DEMOCRATIC REPUBLIC OF CONGO
Dieudonne Been Masudi Kingombe
As Director of the Center for Human Rights and Humanitarian Law (CDH)
in Lubumbashi, the second largest city in the Democratic Republic of Congo,
Dieudonne Been Masudi Kingombe oversees and coordinates the work of a team
of three full time investigators, and half a dozen volunteers. During the
infamous Mobutu era, the CDH, which was founded by a group of lawyers in
1992, assumed a pivotal role in exposing abuses, in pressing for accountability,
and in mediating between victims and the authorities. The Center's reports
also exposed the corruption and ineptitude of the judiciary, and denounced
national and regional politicians for relying on ethnic manipulation to
consolidate their hold on power.
With the advent of the government of the Alliance of Democratic Forces
for the Liberation of Congo, the Center, as before, spearheaded the local
human rights community's efforts to denounce the far-too-familiar abuses
perpetrated by the agents of the new government. On July 31, 1997 Center
staff visited detainees held at the headquarters of the new political police.
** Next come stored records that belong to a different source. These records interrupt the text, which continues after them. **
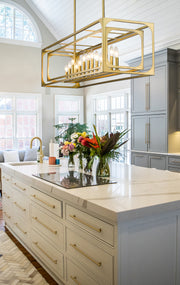 Easton 13 Light 54" Linear Pendant in Rubbed Brass in a room setting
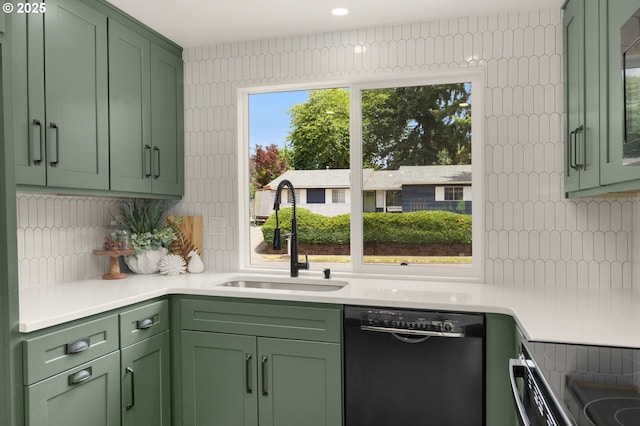 18090 NW Avalon Dr, Portland, OR 97229 - kitchen with green cabinetry, black dishwasher, backsplash, and light countertops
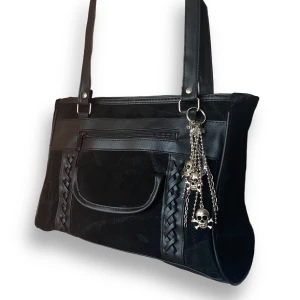 Axelväska  - En väska i fint skick, som går ner till midjan när man bär den runt axeln. Dödskallekedjan ingår! Vet ej märke. MÅTT: Höjd 21cm, bredd 28cm & djup 8-11cm  MGF L1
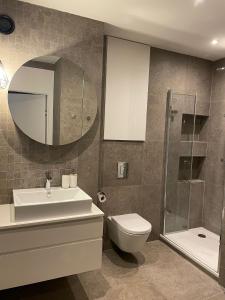 a bathroom with a sink toilet and a mirror at River View Old Town in Gdańsk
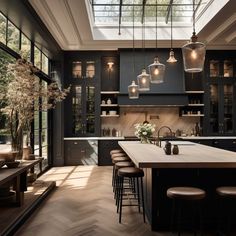 an open kitchen with lots of counter space and lights hanging from the ceiling above it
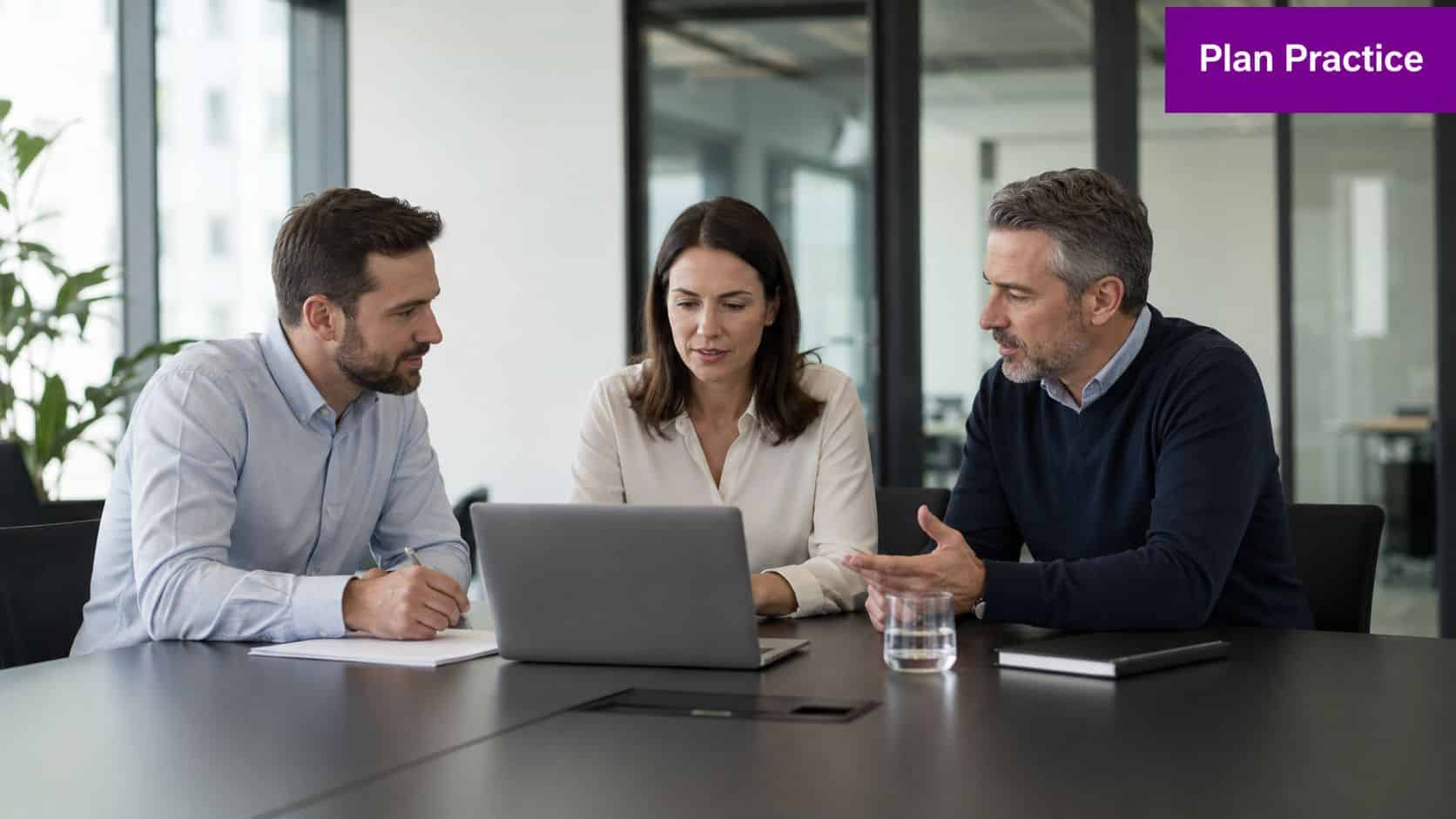A professional team of three people collaborating and discussing a project on a laptop in an office.
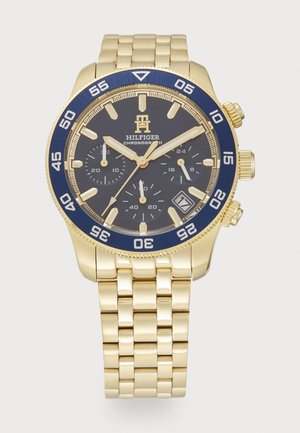 Gold-tone chronograph watch with a blue bezel, black dial, and three subdials. Features a metal bracelet and a date window at 4 o'clock.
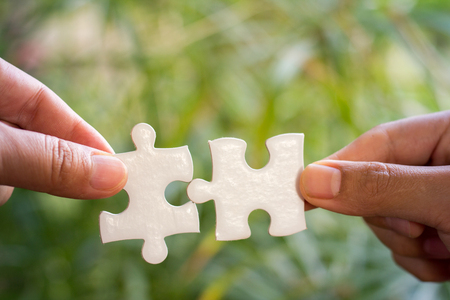 Businessman hands connecting jigsaw puzzle. Business solutions, success and strategy, learning...
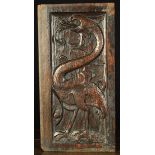 A French 16th Century Carved Oak Panel depicting a wyvern stamped with punchwork,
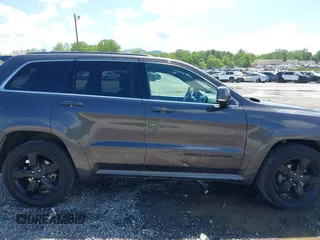2016 Jeep Grand Cherokee Overland with VIN 1C4RJFCG6GC417485, listed as a IAAI auction lot 42210973 with 115,612 mi miles and . Bid and sale history available at DreamBid. Image 13.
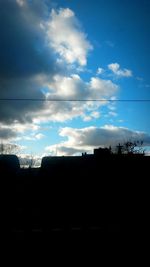 Low angle view of power lines against cloudy sky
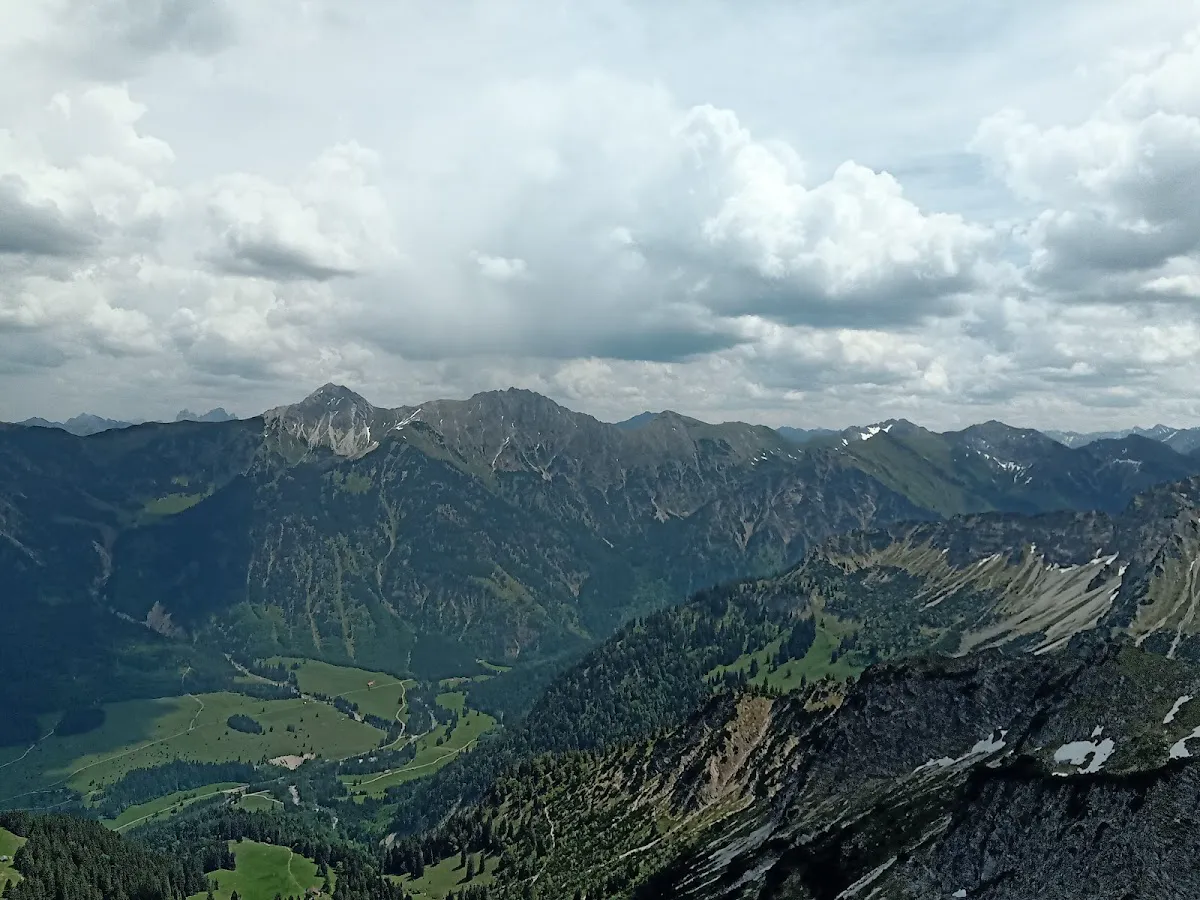 Silhouette of hiker on exposed ridge with Forggensee and Neuschwanstein in distant valley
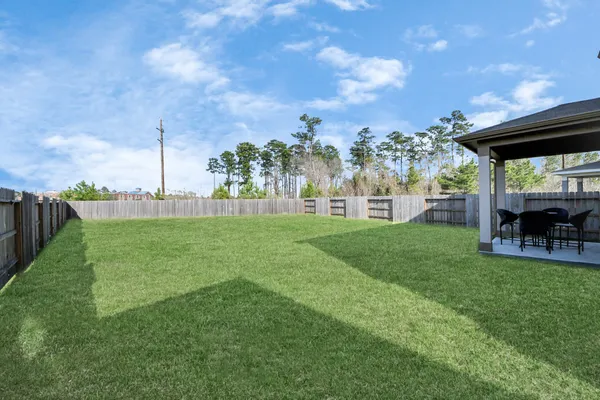 a view of a backyard with a garden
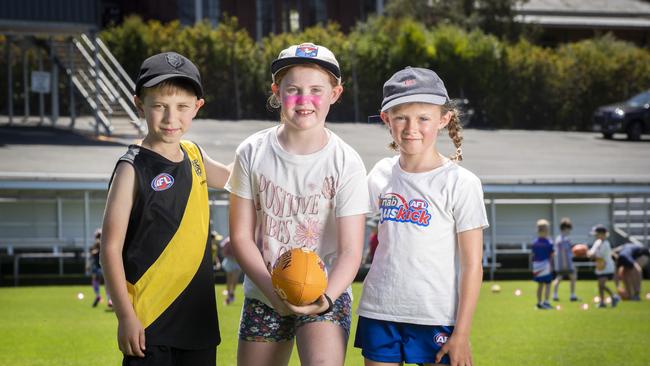 Tasmania AFL Club Clinic, Mason Cane 8, Mavis Bester 8 and Alice Kennedy 8 at North Hobart Oval. Picture: Chris Kidd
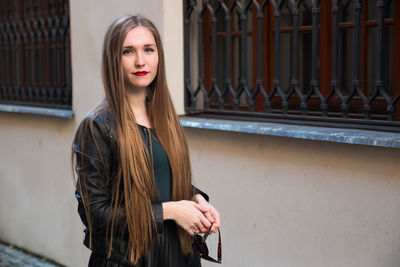 Portrait of beautiful woman standing by wall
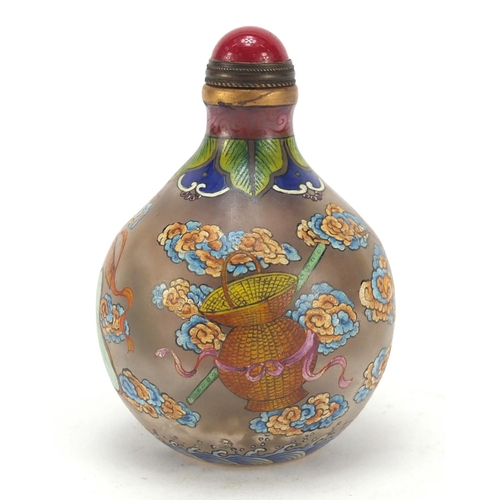 585 - Chinese glass snuff bottle hand painted with Daoist emblems, character marks to the base, 8cm high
In a scathing, two page open letter to the minister of interior after that
visit, CDH denounced the arbitrary detention of 89 individuals, and the
torture and beatings some of them had suffered. In the days that followed,
most of them, including high-profile political detainees, were released.
Been Masudi is also the inspiration behind the "Concertation,"
the umbrella forum of all human rights organizations in Lubumbashi that
act together to raise human rights cases with government and military officials.
RUSSIA
Marina Pisklakova
Marina Pisklakova founded the Moscow Crisis Center for Women in July
1993, to focus on domestic violence and set up one of the first domestic
violence hotlines in Russia. It takes up to 250 calls a month. Marina has
emerged as a leader in the fight against violence against women in Russia.
She has also done work on sexual violence more generally and on trafficking
of Russian women into domestic work and prostitution throughout Europe.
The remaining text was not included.